Correction. The coefficients of my ODE are analytic, I suppose a solution with the following form:
$$x(t) = \sum_{k=0}^\infty b_k t^k$$
Then
$$tx'(t)=t\sum_{k=0}^\infty kb_k  t^{k-1}=\sum_{k=0}^\infty k\,b_k  t^k$$
$$x''(t)=\sum_{k=2}^\infty k(k-1)\,b_k\,t^{k-2}=\sum_{k=0}^\infty(k+1)(k+2)\,b_{k+2}\,t^k$$
Putting these in the ODE we get
$$
\sum_{k=0}^\infty(k+1)(k+2)b_{k+2}t^k+\sum_{k=0}^\infty kb_k t^k+\sum_{k=0}^\infty b_kt^k=0
$$
or
$$
\sum_{k=0}^\infty \big((k+1)(k+2)b_{k+2}+(k+1)b_k\big) t^k=0,
$$
or
$$
(k+1)(k+2)b_{k+2}+(k+1)b_k=0, \quad \text{for all $k\in\mathbb N$},
$$
which implies
$$
b_{k+2}=-\frac{1}{k+2}{b_k}.
$$
for $k\ge 2$. So, once you specify $b_0$, $b_1$ you have a unique solution $x=x(t;b_0,b_1)$. 

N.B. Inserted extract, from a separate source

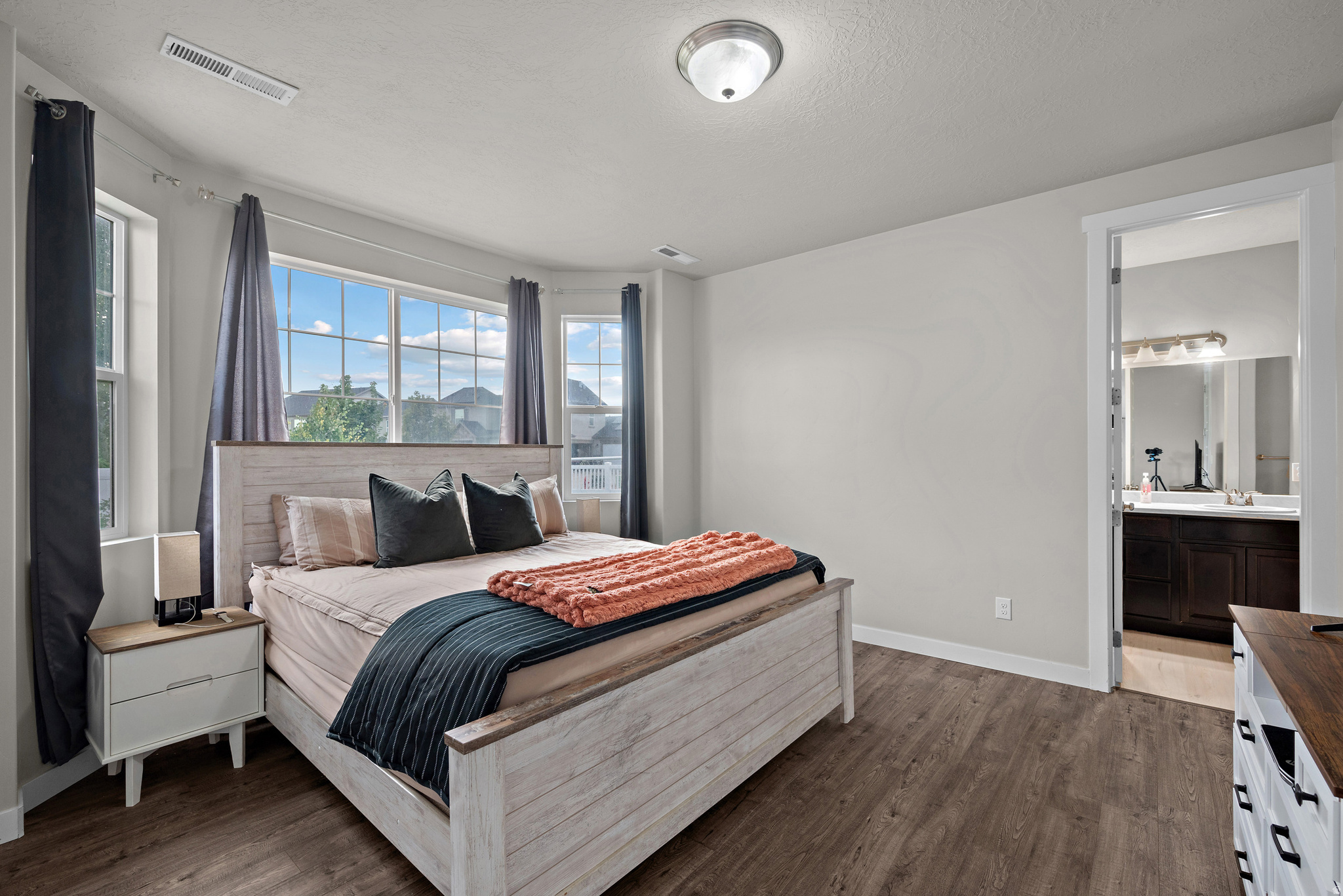 MINERS GROVE 17 - Residential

Thus the two solutions $x_1$, $x_2$ which span the solution space are
$$
x_1(t)=x(t;1,0), \,\,x_2(t)=x(t;0,1).
$$
So the first one is obtained by setting $b_0=1$ and $b_1=0$, while the second
one is obtained by setting $b_0=0$ and $b_1=1$.

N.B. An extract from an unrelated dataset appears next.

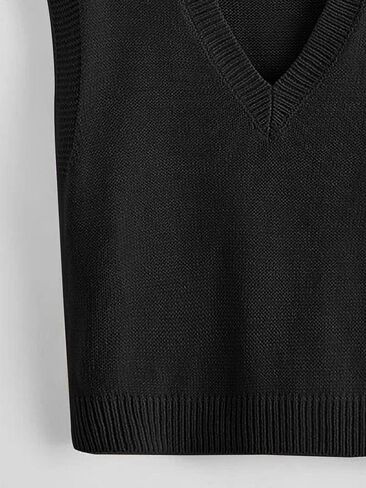 SOLY HUX Women's Sleeveless V Neck Sweater Vest Trendy Pullover Knitwear Tank Tops in Saudi Arabia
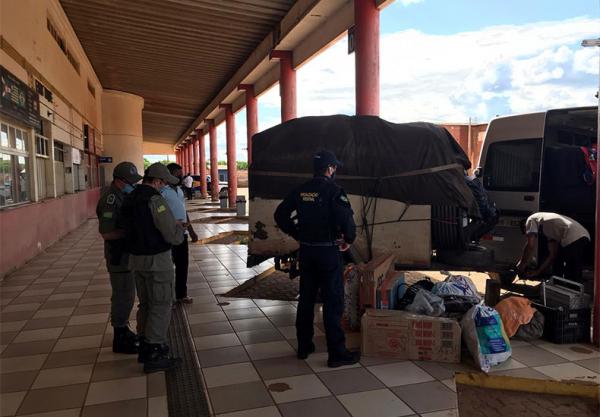 ANTT apreende van com 14 passageiros transportados irregularmente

In particular, the general solution $x=x(t;b_0,b_1)$ is expressed as
$$
x(t;b_0,b_1)=b_0x_1(t)+b_1x_2(t).
$$
More specifically,
$$
b_{2k}=-\frac{1}{2k}b_{2k-2}=\cdots=\frac{(-1)^k}{2^kk!}b_0,$$
$$
b_{2k+1}=-\frac{1}{2k+1}b_{2k-1}=\cdots=\frac{(-1)^k}{1\cdot3\cdots (2k+1)}b_1
=\frac{(-2)^k k!}{(2k+1)!}b_1
$$
Finally
$$
x_1(t)=\sum_{k=0}^\infty\frac{(-1)^k}{2^kk!}t^{2k}=\mathrm{e}^{-x^2/2},
$$
$$
x_2(t)=\sum_{k=0}^\infty\frac{(-2)^k k!}{(2k+1)!}t^{2k+1}=\mathrm{e}^{-t^2/2}\int_0^t\mathrm{e}^{s^2/2}\,ds.
$$
These two functions constitute a fundamental set of solutions of the equation, i.e., every other solution is a linear combination of them.